Momentum Machines has made waves with its burger bot that boasts an impressive output of 400 burgers per hour. This high-tech machine handles everything from grilling and slicing to assembling and packaging, potentially replacing the need for up to three full-time kitchen staff. Miso Robotics, on the other hand, has introduced Flippy, a robot equipped with machine-learning capabilities that enable it to adapt and improve its performance over time.

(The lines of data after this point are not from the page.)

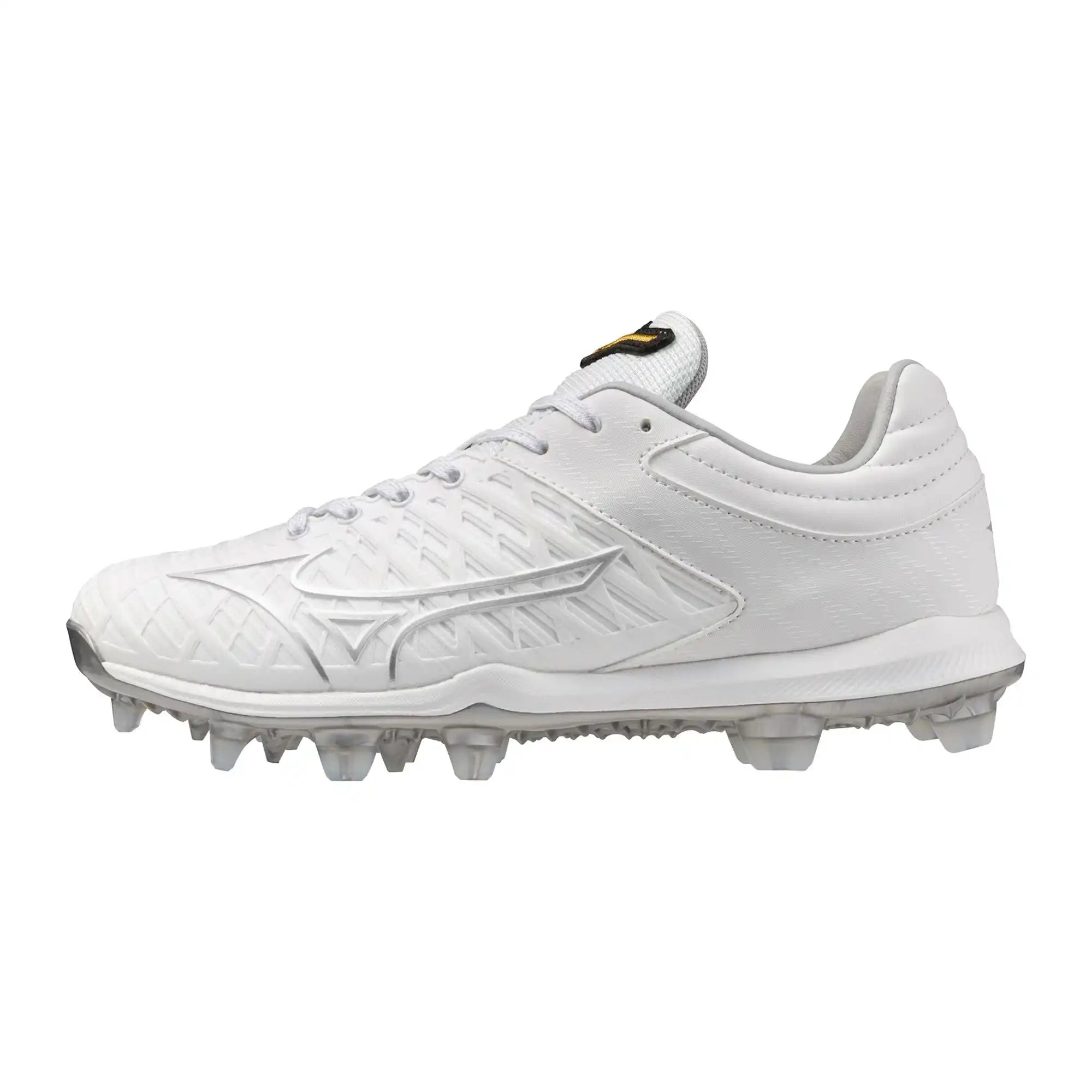 Mizuno Women’s Pro Fp Low Molded Cleats - White Silver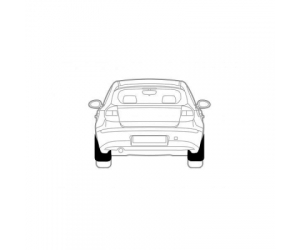  Брызговики задние (полиуретан) Renault Sandero 2010+ (Novline, EXP.NLF.41.18.E10) 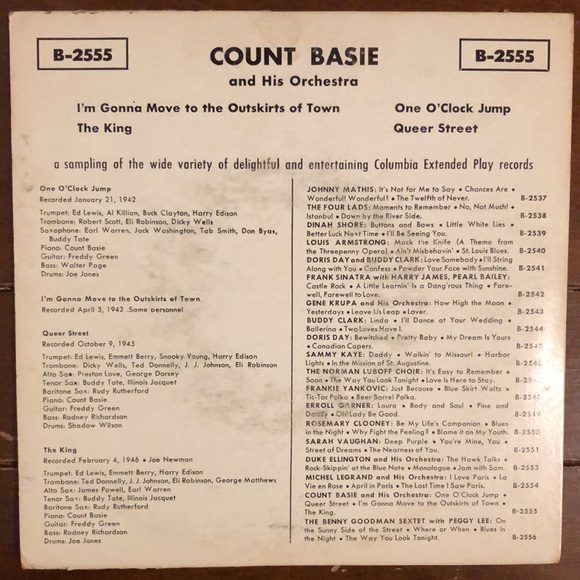 Count Basie Vinyl 45 Record - Picture 4 of 6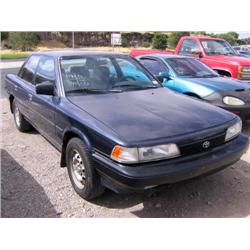 *1990 Toyota Camary 4Dr Car, Blue, A/C, Cd Player, Vn# 4T1Sv24Exl4207905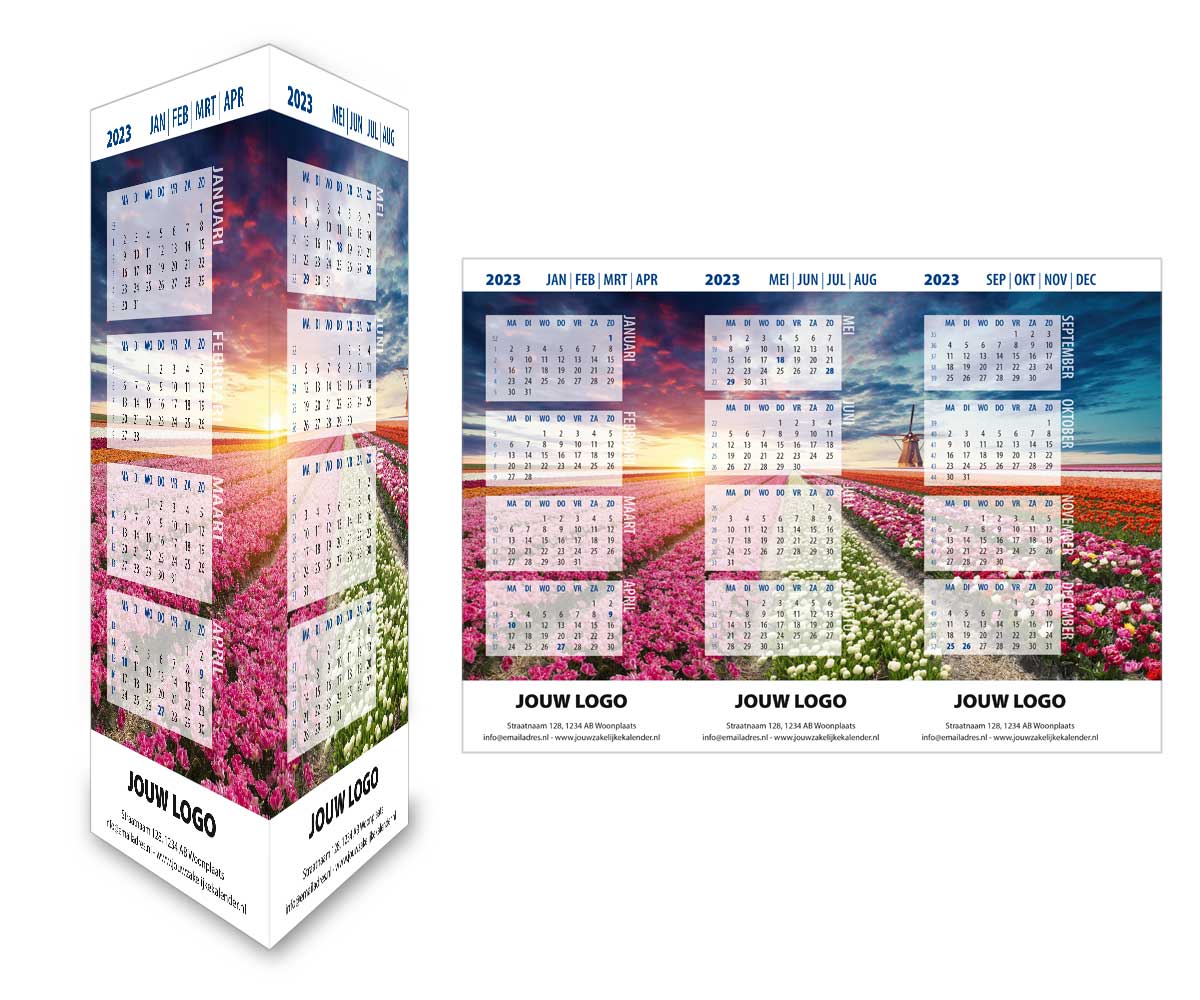 Bureaukalender driehoekskalender staand Bureaukalender driehoekskalender staand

Several factors, including the push from unions for higher wages and the constrained pricing power of fast-food outlets, drive these burger bots’ rise. As the fight for increased minimum wages intensifies, the industry is leaning towards automation as a solution to counterbalance escalating costs. While the ethical implications of this transition warrant a separate debate, the trend towards automation seems to be an inevitable one. Fast-food managers and owners will likely reap the benefits of reduced staffing overheads, mitigating personnel management, scheduling, safety, and training issues.
Despite the substantial initial investment required for these burger bots, estimated at around $30,000, the potential for significant reductions in ongoing expenses makes them a compelling investment for fast-food businesses. Reports suggest that a single robot could save a restaurant as much as $90,000 annually in training, salaries, and overhead costs. This burgeoning trend of burger bots underscores a pivotal moment in the fast-food industry’s evolution, highlighting the increasing importance of automation in enhancing operational efficiency.
Tactical Investor take
Automation is already a part of our lives, and it is here to stay. The robot market is going to experience significant growth in the coming years. It is predicted that unions will become irrelevant shortly, and there will be substantial changes in the job market. Manufacturing jobs are not expected to return, and many low-paying positions will be replaced by automation. Anything that involves logic or patterns will be automated. The experts are concerned about wage deflation, which is likely to occur due to automation.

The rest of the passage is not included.